New figures reveal the Sunshine State’s exploration has sunk to a 15-year low.
The Australian Bureau of Statistics has confirmed that onshore petroleum exploration in the nation fell 27.8% in the December 2015 quarter, led by Queensland which itself was down 35.1%.
Lamont said it was “evident” that exploration activity in the state was actuallt falling well before the relatively recent decline in the global oil price.
“Analysis of exploration activity confirms that falling commodity prices are just one of the factors responsible for declining exploration,” Lamont said.
He cited “regulatory creep”, a lack of highly prospective new acreage, data gaps, diminished access to capital and constraints on access.
“We have a clear need for more exploration activity but a plethora of regulatory restrictions and uncertainty are frustrating the industry in ensuring there is the necessary activity in exploration to meet future energy needs,” he said.

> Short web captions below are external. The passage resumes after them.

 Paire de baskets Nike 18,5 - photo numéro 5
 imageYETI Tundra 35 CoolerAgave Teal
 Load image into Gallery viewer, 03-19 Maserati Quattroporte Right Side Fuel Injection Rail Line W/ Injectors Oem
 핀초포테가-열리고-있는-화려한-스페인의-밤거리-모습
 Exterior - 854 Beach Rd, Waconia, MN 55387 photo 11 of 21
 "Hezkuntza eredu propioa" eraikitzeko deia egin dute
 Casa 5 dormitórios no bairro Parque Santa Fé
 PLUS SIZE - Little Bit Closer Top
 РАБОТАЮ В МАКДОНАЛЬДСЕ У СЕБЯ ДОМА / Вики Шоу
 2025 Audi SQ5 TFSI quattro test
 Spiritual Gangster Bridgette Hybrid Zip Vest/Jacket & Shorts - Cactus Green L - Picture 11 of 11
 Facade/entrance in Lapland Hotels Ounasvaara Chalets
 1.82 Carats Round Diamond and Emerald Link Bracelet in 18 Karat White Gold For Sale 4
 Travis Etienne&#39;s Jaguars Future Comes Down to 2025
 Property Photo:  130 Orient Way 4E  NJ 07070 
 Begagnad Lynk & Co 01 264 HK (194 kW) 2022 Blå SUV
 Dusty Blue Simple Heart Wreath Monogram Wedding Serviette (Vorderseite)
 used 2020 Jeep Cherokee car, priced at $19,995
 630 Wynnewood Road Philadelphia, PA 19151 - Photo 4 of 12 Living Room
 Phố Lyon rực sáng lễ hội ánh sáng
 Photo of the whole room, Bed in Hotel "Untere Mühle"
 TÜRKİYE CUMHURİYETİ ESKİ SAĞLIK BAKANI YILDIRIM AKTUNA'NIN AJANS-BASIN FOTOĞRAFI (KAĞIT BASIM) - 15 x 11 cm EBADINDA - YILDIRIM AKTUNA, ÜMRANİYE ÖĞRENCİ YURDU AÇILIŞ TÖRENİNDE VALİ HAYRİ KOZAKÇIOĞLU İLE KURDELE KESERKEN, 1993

An example of “regulatory creep” was the creation of a water trigger – an amendment to the Federal EPBC Act which duplicates existing state legislation and adds at least six months to project approval timelines, according to APPEA.
The federal government said that including the water trigger in approval bilateral agreements was important for establishing the “One-Stop Shop” for environmental approvals.
The aim is to ensure the water trigger is treated in the same way as all other matters of national environmental significance.
Ironically, the Commonwealth believes that providing a single approval process for projects involving the water trigger will reduce the regulatory burden on business while ensuring that high environmental standards are maintained.
This, it hoped, would provide more certainty for investors with a simpler, streamlined regulatory system.
However, in relation to regulatory creep, the overarching issue is the time it takes to move from exploration to production, Lamont told Energy News.
This has increased substantially in recent years and industry laments the estimated 15-year timeframe from permit award to reach production.
Regulatory costs have also risen significantly.
Energy News reported Deloitte’s Brisbane-based national director for oil and gas Geoffrey Cann telling an LNG18 ‘thought leadership’ luncheon in Perth that Queensland was in no position to help alleviate New South Wales and Victoria from their energy crisis because it takes some 14 years from applying for a license to producing first gas in Queensland, and $100 million would be spent in the process.
The upstream industry wants a government commitment to reduce time and cost of the approval process by at least 50%.
The Queensland government’s Gas Supply and Demand Action Plan is expected to quantify these issues in detail and set out a road map for action.
“The industry requires access to geoscience and related information held by government to make investment decisions. This information is not either readily accessible or in a user friendly format,” Lamont said, referring to historical data which is yet to be digitised.
Additionally, he warned that the annual acreage release program in Queensland is slow by international standards.